Documentation/btrfs-balance.asciidoc

   1 btrfs-balance(8)
   2 ================
   3
   4 NAME
   5 ----
   6 btrfs-balance - balance block groups on a btrfs filesystem
   7
   8 SYNOPSIS
   9 --------
  10 *btrfs balance* <subcommand> <args>
  11
  12 DESCRIPTION
  13 -----------
  14 The primary purpose of the balance feature is to spread block groups across
  15 all devices so they match constraints defined by the respective profiles. See
  16 `mkfs.btrfs`(8) section 'PROFILES' for more details.
  17 The scope of the balancing process can be further tuned by use of filters that
  18 can select the block groups to process. Balance works only on a mounted
  19 filesystem.
  20
  21 The balance operation is cancellable by the user. The on-disk state of the
  22 filesystem is always consistent so an unexpected interruption (eg. system crash,
  23 reboot) does not corrupt the filesystem. The progress of the balance operation
  24 is temporarily stored and will be resumed upon mount, unless the mount option
  25 'skip_balance' is specified.
  26
  27 WARNING: running balance without filters will take a lot of time as it basically
  28 rewrites the entire filesystem and needs to update all block pointers.
  29
  30 The filters can be used to perform following actions:
  31
  32 - convert block group profiles (filter 'convert')
  33 - make block group usage more compact  (filter 'usage')
  34 - perform actions only on a given device (filters 'devid', 'drange')
  35
  36 The filters can be applied to a combination of block group types (data,
  37 metadata, system). Note that changing 'system' needs the force option.
  38
  39 NOTE: the balance operation needs enough work space, ie. space that is
  40 completely unused in the filesystem, otherwise this may lead to ENOSPC reports.

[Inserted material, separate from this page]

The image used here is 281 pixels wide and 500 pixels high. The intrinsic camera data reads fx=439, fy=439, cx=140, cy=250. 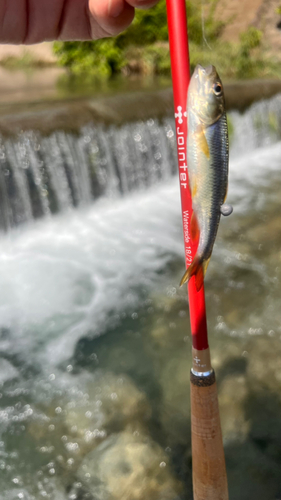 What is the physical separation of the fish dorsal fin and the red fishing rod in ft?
0.59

  41 See the section 'ENOSPC' for more details.
  42
  43 COMPATIBILITY
  44 -------------
  45
  46 NOTE: The balance subcommand also exists under the *btrfs filesystem*
  47 namespace. This still works for backward compatibility but is deprecated and
  48 should not be used anymore.
  49
  50 NOTE: A short syntax *btrfs balance <path>* works due to backward compatibility
  51 but is deprecated and should not be used anymore. Use *btrfs balance start*
  52 command instead.
  53
  54 PERFORMANCE IMPLICATIONS
  55 ------------------------
  56
  57 Balance operation is intense namely in the IO respect, but can be also CPU
  58 intense. It affects other actions on the filesystem. There are typically lots
  59 of data being copied from one location to another, and lots of metadata get
  60 updated.
  61
  62 Depending on the actual block group layout, it can be also seek-heavy. The
  63 performance on rotational devices is noticeably worse than on SSDs or fast
  64 arrays.
  65
  66 SUBCOMMAND
  67 ----------
  68 *cancel* <path>::
  69 cancel running or paused balance, the command will block and wait until the
  70 actually processed blockgroup is finished
  71
  72 *pause* <path>::
  73 pause running balance operation, this will store the state of the balance
  74 progress and used filters to the filesystem
  75
  76 *resume* <path>::
  77 resume interrupted balance, the balance status must be stored on the filesystem
  78 from previous run, eg. after it was forcibly interrupted and mounted again with
  79 'skip_balance'
  80
  81 *start* [options] <path>::
  82 start the balance operation according to the specified filters, no filters
  83 will rewrite the entire filesystem. The process runs in the foreground.
  84 +
  85 NOTE: the balance command without filters will basically rewrite everything
  86 in the filesystem. The run time is potentially very long, depending on the
  87 filesystem size. To prevent starting a full balance by accident, the user is
  88 warned and has a few seconds to cancel the operation before it starts. The
  89 warning and delay can be skipped with '--full-balance' option.
  90 +
  91 Please note that the filters must be written together with the '-d', '-m' and
  92 '-s' options, because they're optional and bare '-d' etc also work and mean no
  93 filters.
  94 +
  95 `Options`
  96 +
  97 -d[<filters>]::::
  98 act on data block groups, see `FILTERS` section for details about 'filters'
  99 -m[<filters>]::::
 100 act on metadata chunks, see `FILTERS` section for details about 'filters'
 101 -s[<filters>]::::
 102 act on system chunks (requires '-f'), see `FILTERS` section for details about 'filters'.
 103 -v::::
 104 be verbose and print balance filter arguments
 105 -f::::
 106 force reducing of metadata integrity, eg. when going from 'raid1' to 'single'
 107 --background|--bg::::
 108 run the balance operation asynchronously in the background, uses `fork`(2) to
 109 start the process that calls the kernel ioctl
 110
 111 *status* [-v] <path>::
 112 Show status of running or paused balance.
 113 +
 114 If '-v' option is given, output will be verbose.
 115
 116 FILTERS
 117 -------
 118 From kernel 3.3 onwards, btrfs balance can limit its action to a subset of the
 119 whole filesystem, and can be used to change the replication configuration (e.g.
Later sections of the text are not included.